Directions for this task: Write the listing out again exactly as it stands, with no images.

Supplied material:
━━━━━━━━

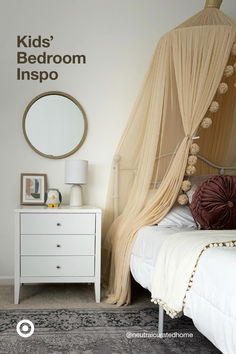 a bedroom with a bed, dresser and mosquito net on the wall above it that says kids'bedroom inspo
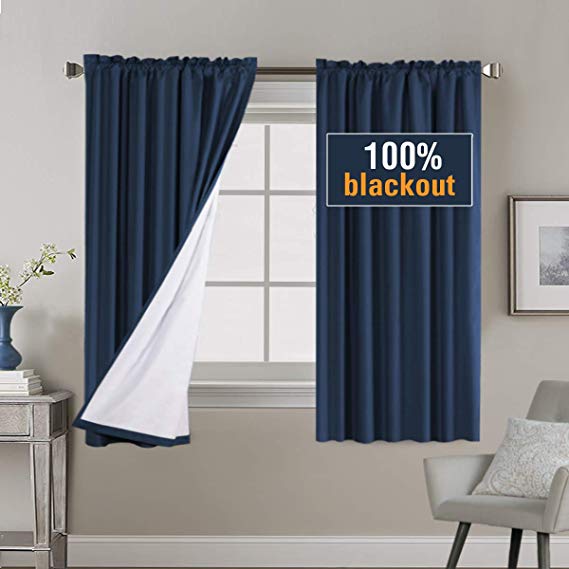 100% Blackout Curtains for Bedroom, Super Thick Thermal Insulated Window Covers, Full Blackout Draperies with White Liner for Short Window Navy, One Pair, 52"W x 63"L, 2 Bonus Tie-Backs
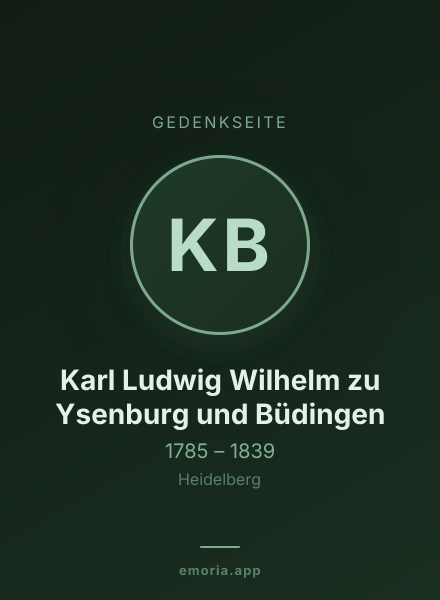 Gedenkportrait von Karl Ludwig Wilhelm zu Ysenburg und Büdingen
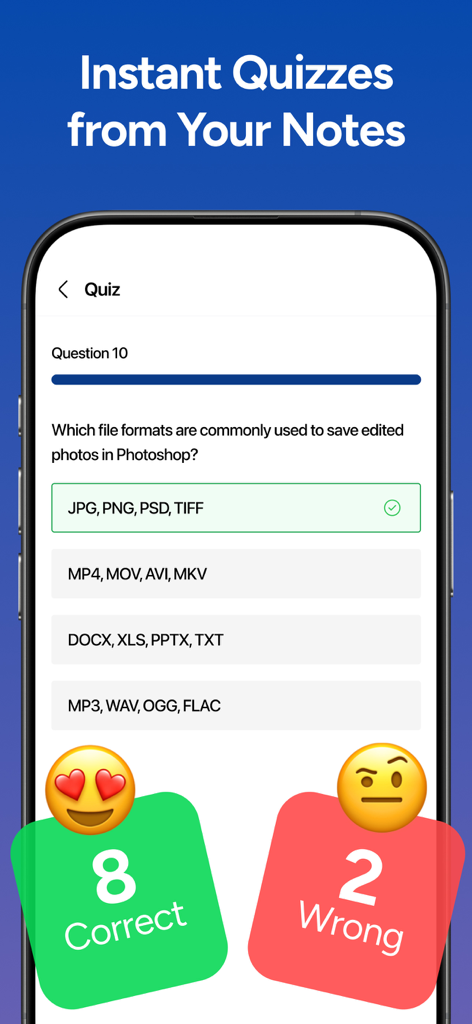 A smartphone screen displaying an AI-generated quiz based on notes with a multiple choice question about Photoshop file formats and score results.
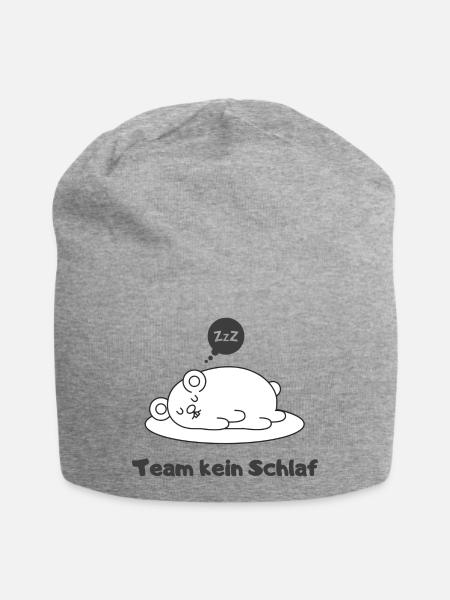 Team kein Schlaf - Jersey-Beanie - Grau meliert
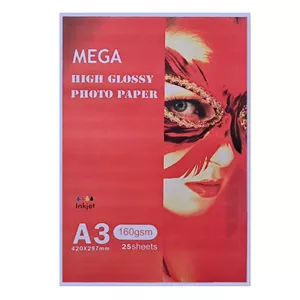  کاغذ چاپ عکس گلاسه مگا کد 160 سایز A3  بسته 25 عددی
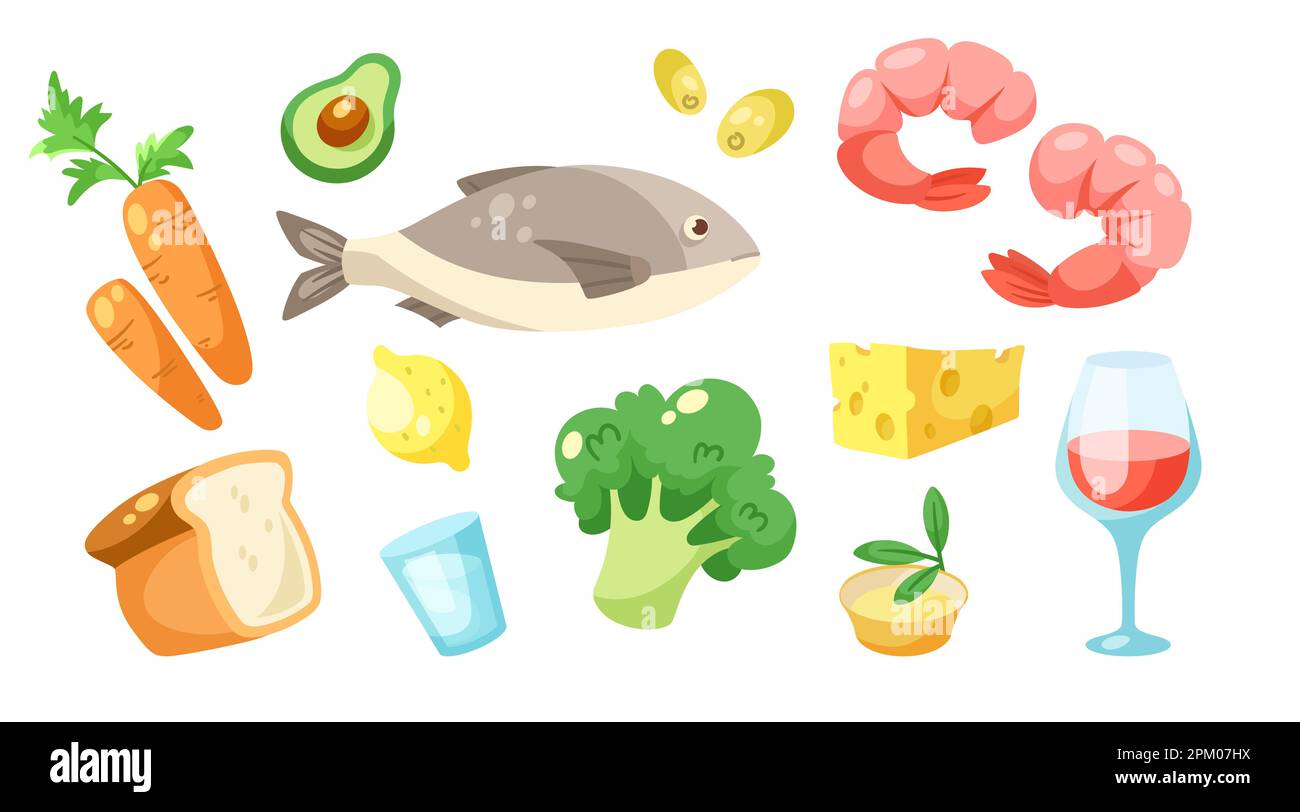 Elements of Mediterranean diet vector illustrations set Stock Vector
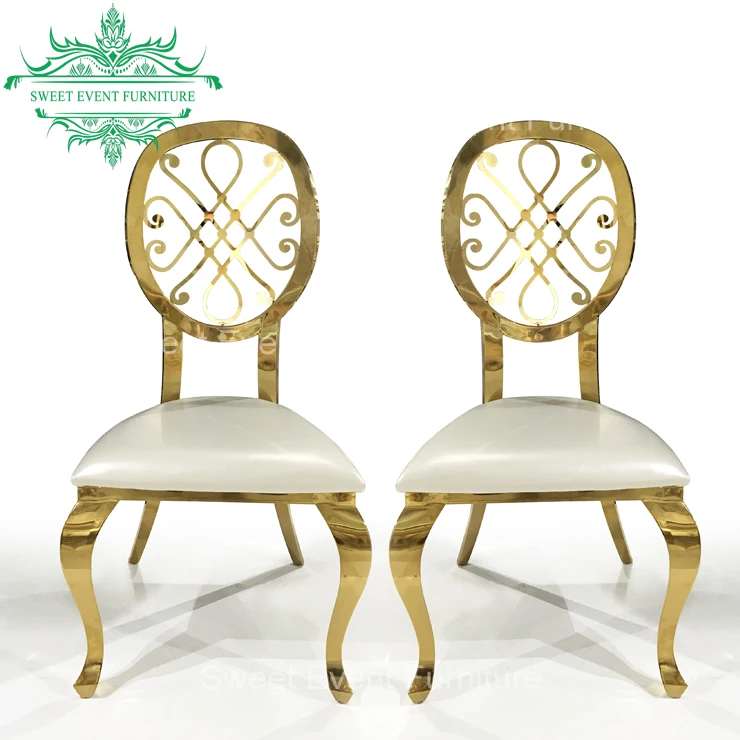Royal high back  pu seat  gold metal stainless steel luxury chairs for event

━━━━━━━━

Response box:
 a bedroom with a bed, dresser and mosquito net on the wall above it that says kids'bedroom inspo
 100% Blackout Curtains for Bedroom, Super Thick Thermal Insulated Window Covers, Full Blackout Draperies with White Liner for Short Window Navy, One Pair, 52"W x 63"L, 2 Bonus Tie-Backs
 Gedenkportrait von Karl Ludwig Wilhelm zu Ysenburg und Büdingen
 A smartphone screen displaying an AI-generated quiz based on notes with a multiple choice question about Photoshop file formats and score results.
 Team kein Schlaf - Jersey-Beanie - Grau meliert
  کاغذ چاپ عکس گلاسه مگا کد 160 سایز A3  بسته 25 عددی
 Elements of Mediterranean diet vector illustrations set Stock Vector
Royal high back  pu seat  gold metal stainless steel luxury chairs for event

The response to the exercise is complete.